Le taux de 8 % en vigueur aujourd’hui au Japon pour la taxe à la consommation est plutôt bas en comparaison avec les autres pays avancés. Cette situation s’explique par la préférence que le ministère des Finances affiche depuis la fin de la Seconde Guerre mondiale pour les politiques fiscales axées sur l’impôt sur le revenu, ainsi que par les reculs électoraux enregistrés par les gouvernements qui ont cherché à introduire une taxe généralisée à la consommation, ou à augmenter le taux de la taxe existante.

En avril 2018, Angel Gurria, le secrétaire général de l’Organisation pour la coopération et le développement économiques (OCDE), a dit au ministre des Finances Aso Tarô : « Le Japon doit progressivement élever le taux de sa taxe à la consommation jusqu’à environ 19 %, le taux moyen pour les pays membres de l’OCDE. » Étant donné les problèmes de finances publiques que connaît le Japon, pourquoi le taux de sa taxe à la consommation est-il inférieur à la moyenne pratiquée au sein de l’OCDE ? Dans le texte qui suit, je décris les modifications du dispositif décisionnel au cours du temps et j’en expose les mécanismes.

Des politiques axées sur l’impôt sur le revenu

Avant de quitter le Japon, encore marqué par les cicatrices de la Seconde Guerre mondiale, Carl Shoup, un économiste américain, a qualifié d’« immature » la fiscalité de ce pays, axée depuis longtemps sur les impôts indirects.

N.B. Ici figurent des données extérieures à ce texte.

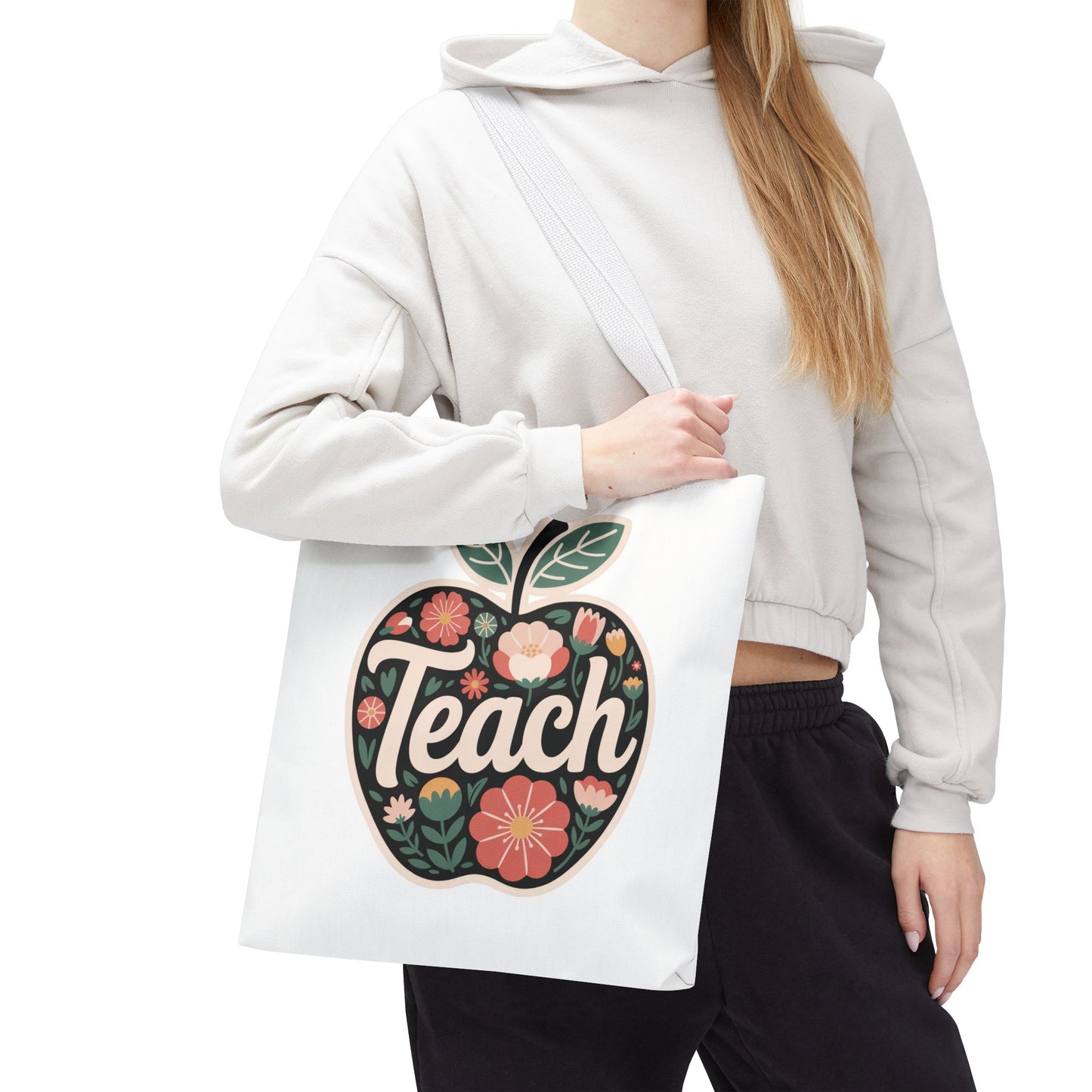 Floral Apple Tote Bag - Hand-Drawn Pastel-Colored Design with 'TEACH', showcasing a cheerful apple shape filled with floral illustrations, ideal for educators. Durable polyester body with reinforced handles, available in multiple sizes.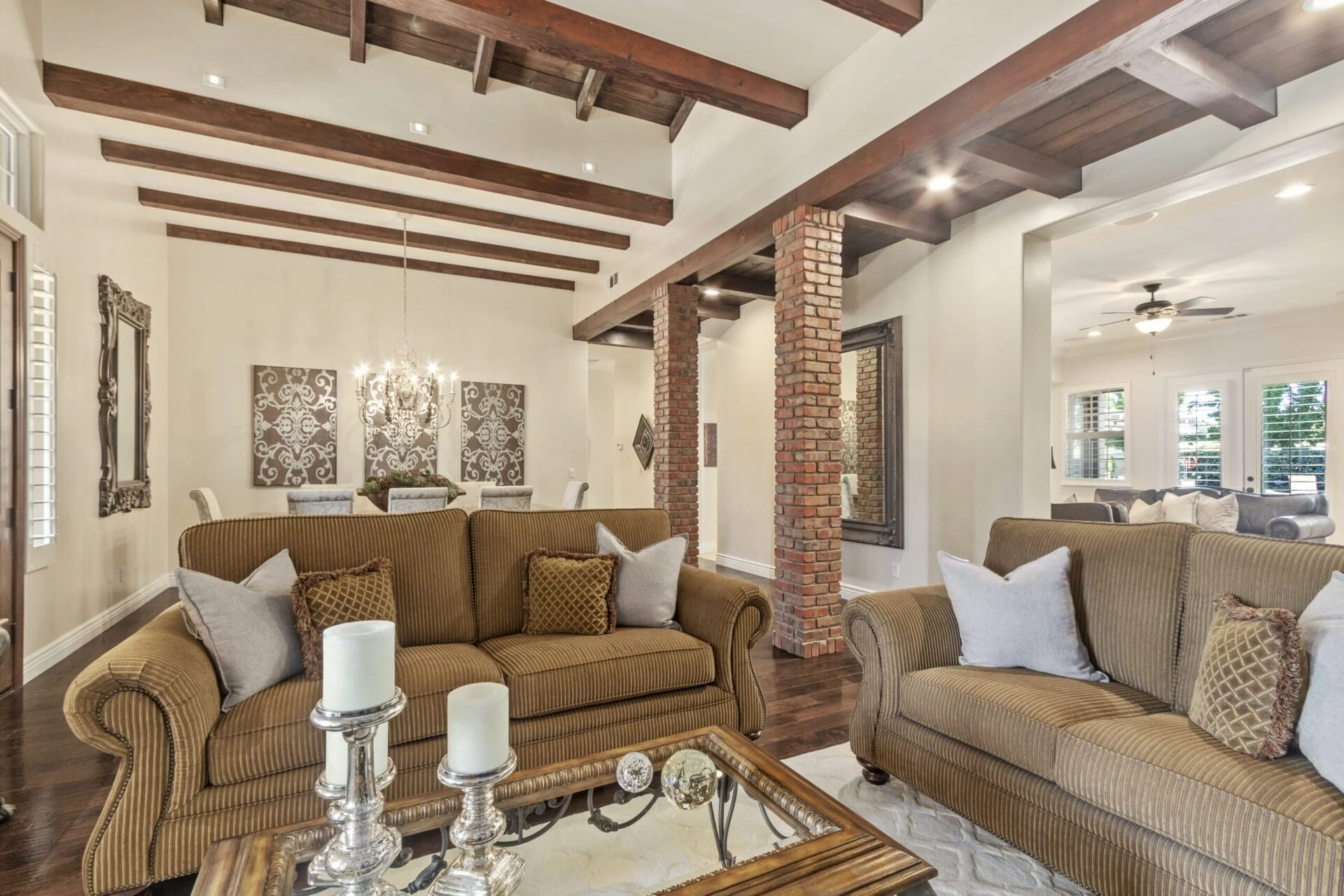 A spacious living room with exposed wooden ceiling beams, brick columns, tan sofas with cushions, a glass coffee table with candles, and a view into a dining area with a chandelier.
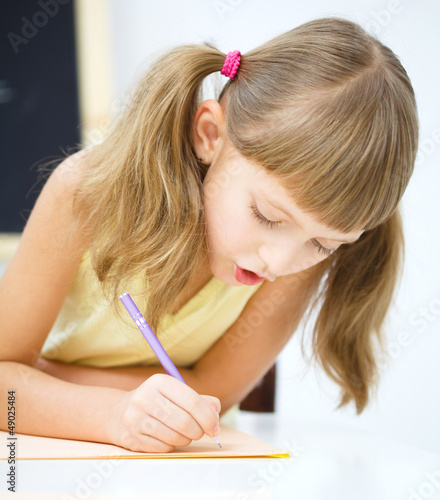 Photo: Little girl is writing using a pen Little girl is writing using a pen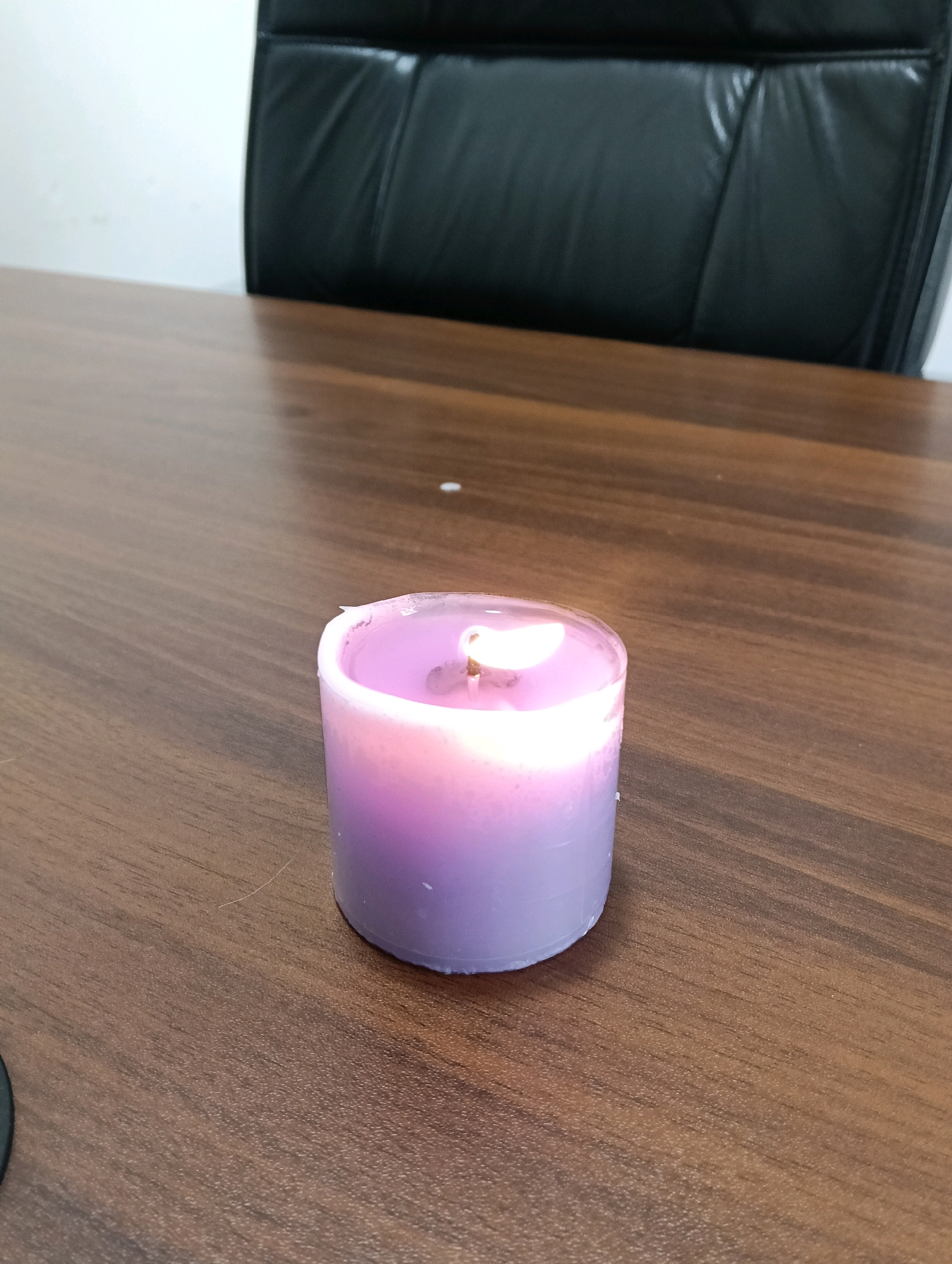 A lit, cylindrical, lavender-colored candle rests on a dark wood table. The candle's flame casts a warm glow. In the background, the smooth, black leather of an office chair is visible, with a portion of a white wall to the left. This scene is located within an office environment in Nairobi, Kenya.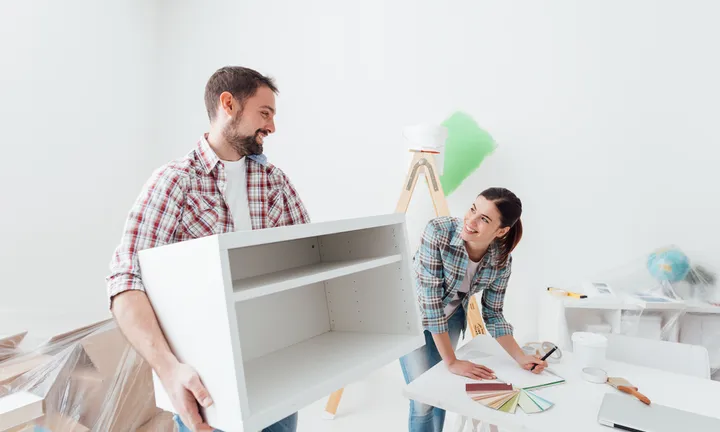 Young,Happy,Couple,Renovating,Their,New,House,And,Moving,Furnishings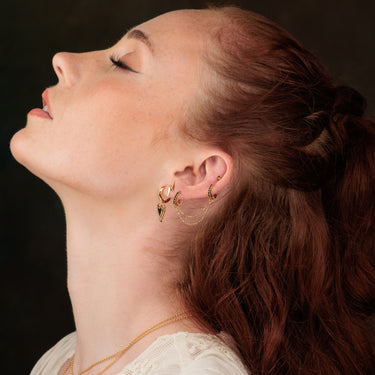 Woman Wearing Gold Black Stone Huggie Hoop Earrings with Double Chain Connector in Third Lobe and Upper Ear Piercing
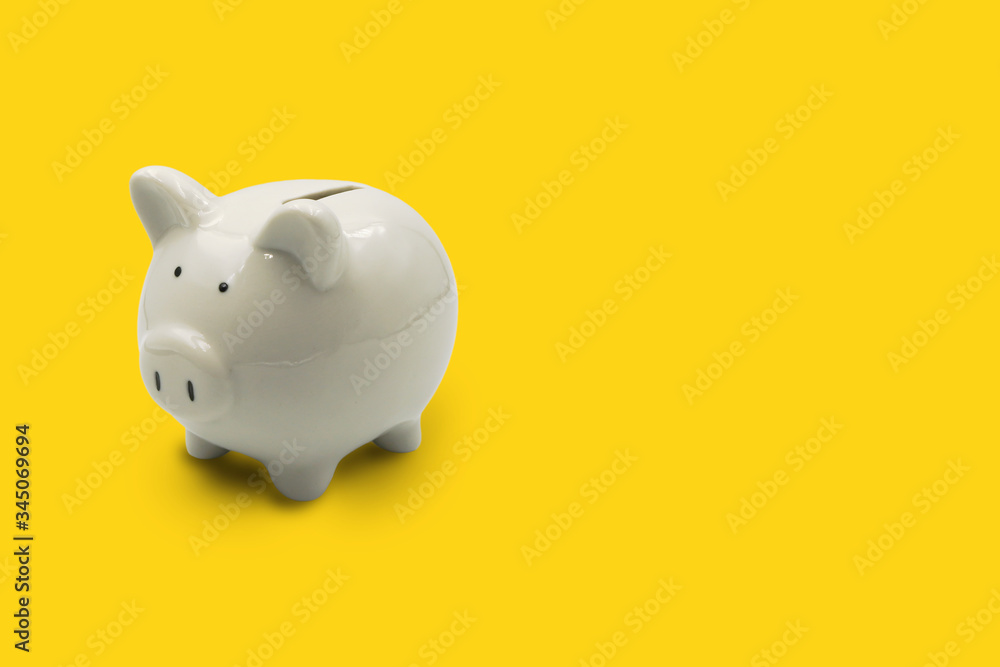 white piggy bank isolated on yellow background ,with copy space white piggy bank isolated on yellow background ,with copy space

Avant la Seconde Guerre mondiale, la politique fiscale japonaise privilégiait les recettes indirectes, provenant par exemple de l’impôt sur les boissons alcoolisées. Pendant les années suivantes, l’impôt sur le revenu a été augmenté pour financer la guerre, et il est devenu un pilier essentiel du dispositif fiscal. Le revenu nominal étant devenu ainsi l’unité de taxation, l’inflation a pesé lourdement sur les Japonais après la guerre. Dans le même temps, pour contenir l’inflation, les forces alliées d’occupation ne pouvaient pas laisser baisser les impôts. C’est ce qui a conduit le ministère des Finances à introduire un impôt sur le chiffre d’affaires. Ce prélèvement indirect sur les transactions aux niveaux de la fabrication, de la vente en gros et de la vente au détail a suscité une féroce opposition chez les petites et moyennes entreprises, et il a été supprimé au bout de 18 mois.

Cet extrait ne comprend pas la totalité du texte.